# Machine Learning

## The Scikit Learn module

The [scikit learn](https://scikit-learn.org/stable/) module is an open source module dedicated to implementing machine learning methods in python. It is the tool we will use for the next few weeks to explore these methods and apply them to some data.

There are particular sections of the module dedicated to supervised and unsupervised machine learning tasks (recall these are where we have training examples and where we do not respectively). Here we are going to focus on supervised classification methods, that is, given training data classified into two classes (denoted 1 and 0), we want to use that data to construct a way to classify new data points based on that information.

Firstly we are going to need to import some modules and functions to get started (we'll particularly take sub-modules connected to nearest neighbours and decision trees):

In [None]:
import pandas as pd
import sklearn as skl
import matplotlib.pyplot as plt
import seaborn as sns
import sklearn.neighbors as nei
import sklearn.tree as tree

## First KNN example

The first example we will work with is a synthetic dataset, made as it just has two features, which means we can plot the data points within the feature space more easily to get a handle on what's going on.

Our dataset comes split in two parts `synth.tr.csv` and `synth.te.csv`, the first one containing our training data and the second our test data. Both therefore have labels, but recall we don't use the labels in the test set to build our model, just to compare with the predictions of our classifier to see how well we do.

First let's load in the training dataset and have a look at it. Here is a scatter plot.

In [None]:
class_data = pd.read_csv('synth.tr.csv')
print(class_data.head())

sns.scatterplot(data=class_data, x='xs', y='ys', hue='yc')
plt.title('Scatter plot - coloured by class')
plt.show()

Next we want to make a K nearest neighbour classifier based on this training data.
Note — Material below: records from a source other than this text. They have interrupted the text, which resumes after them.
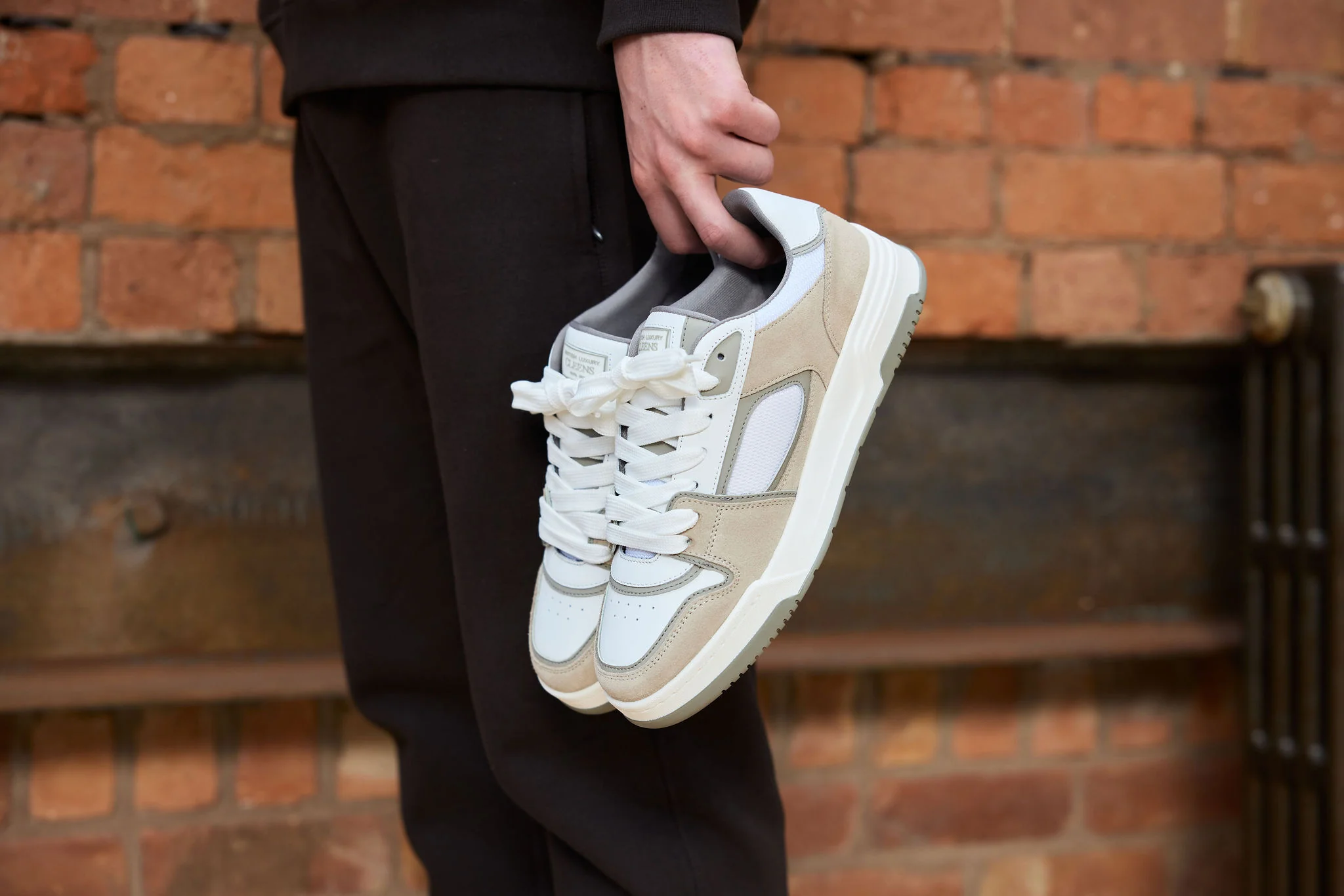 British Luxury, Portuguese Craftsmanship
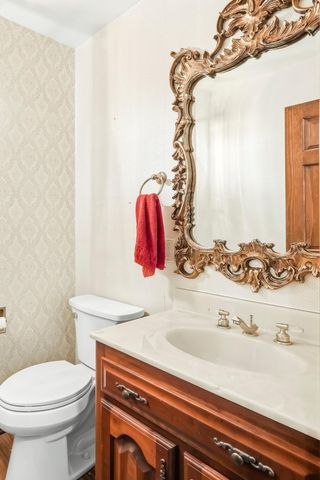 2552 S Skyline Drive, Springfield, MO 65804
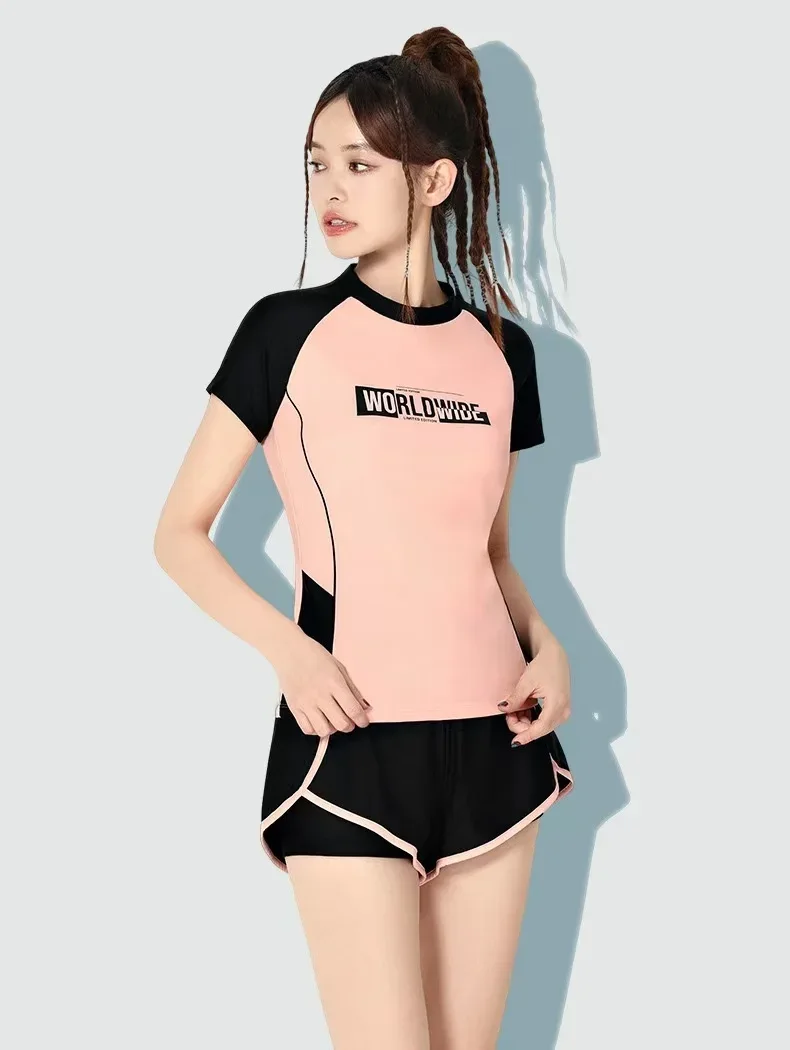 Bộ đồ bơi áo có điểm nhấn là hàng chữ WordWide phá cách với tay ngắn phối cùng màu quần ngắn – ảnh 2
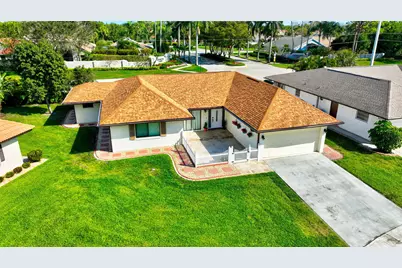 10298 Greentrail Drive N, Boynton Beach, FL 33436 - Photo 40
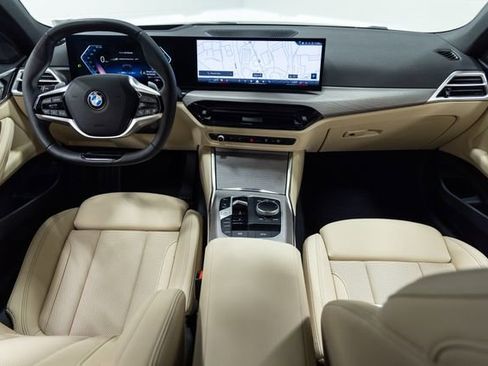 Certified 2025 BMW 430i xDrive Convertible AWD/4WD image 20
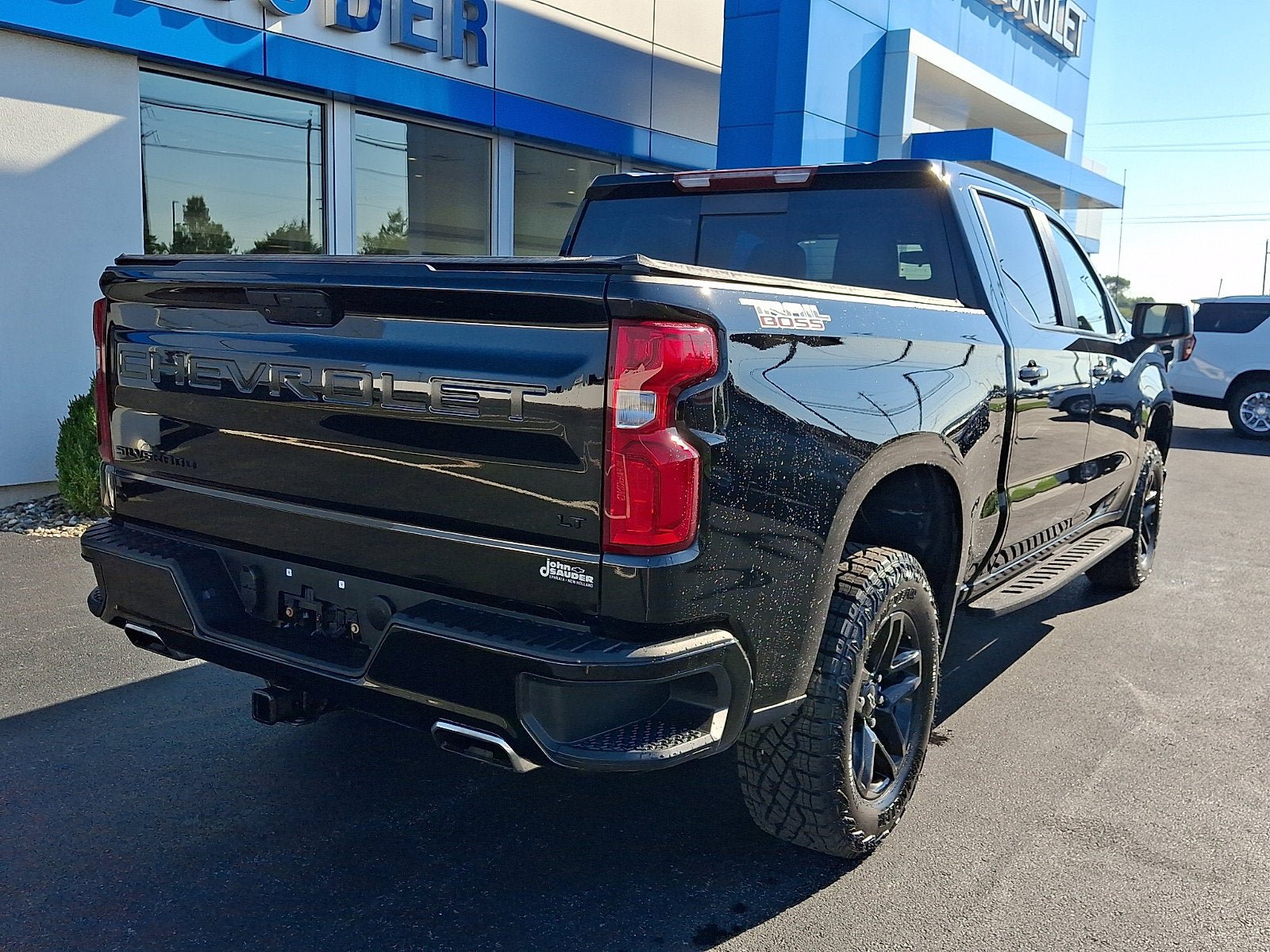 Used 2022 Chevrolet Silverado 1500 LT Trail Boss w/ Convenience Package II AWD/4WD image 6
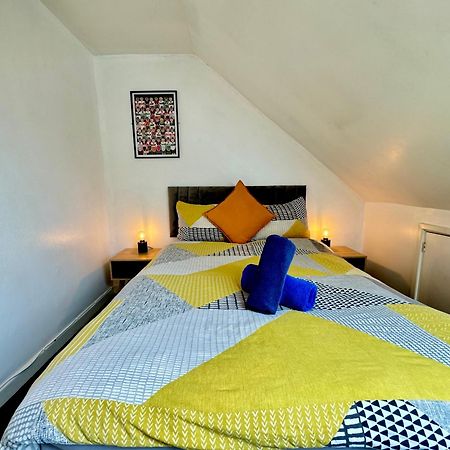 Space For Groups, 10 Mins From Queen St! Cardiff Ngoại thất bức ảnh
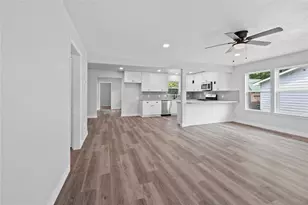 524 Dunnam Ave, Cleveland, TX 77327 - Photo 3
To do that we start a classifier model, specifying K and the distance metric we will use (here we specify K=3, and normal Euclidean distance).

We can predict a value of the class label for a made up data point - here we try the point (0,1) which looks like it should definitely be a 1 since it is in the middle of lots of orange points in the plot above.

In [None]:
knn_class = nei.KNeighborsClassifier(n_neighbors=3, metric='euclidean')
knn_class.fit(class_data[['xs','ys']],class_data['yc'])

print(knn_class.predict([[0,1]]))

Don't worry about the warning we get from the last line - this is just saying we passed in data without heading names within a dataframe - and the training data was in a dataframe - so just warning us of the mismatch.

Note that we have two methods associated with our classifier (denoted by the . notation to get to them). One is the `fit()` method that we pass in our data to. The pattern is the data points - here simply two columns of our dataframe, and then the associated label, here contained in another column of our dataframe. The second method `predict()` is used to apply our classifier to a new data point - we can give it a data point and ask what class the classifier gives as an output.

So far so good then. We have a classifier, and we can test it out on a data point and it gives a classification. The next step is to look at our test data and see if we can begin to qunatify how well our classifier has done.

First we can load in and have a look at the test data:

In [None]:
test_data = pd.read_csv('synth.te.csv')

sns.scatterplot(data=test_data, x="xs", y="ys", color='green')
plt.title("Scatter plot of test data")
plt.show()

These are all of the data points in the test dataset. We then have to classify them by using our classifier above. It will find the nearest three points in our training dataset to each point here, and let them vote on the class for the point. With 3 neighbours selected there cannot be a draw.

We can use the `predict()` method again here, this time passing in all of the data points within our test dataset. The next line creates a new column of the dataframe which we call 'class'.

In [None]:
test_data['class'] = knn_class.predict(test_data[['xs','ys']])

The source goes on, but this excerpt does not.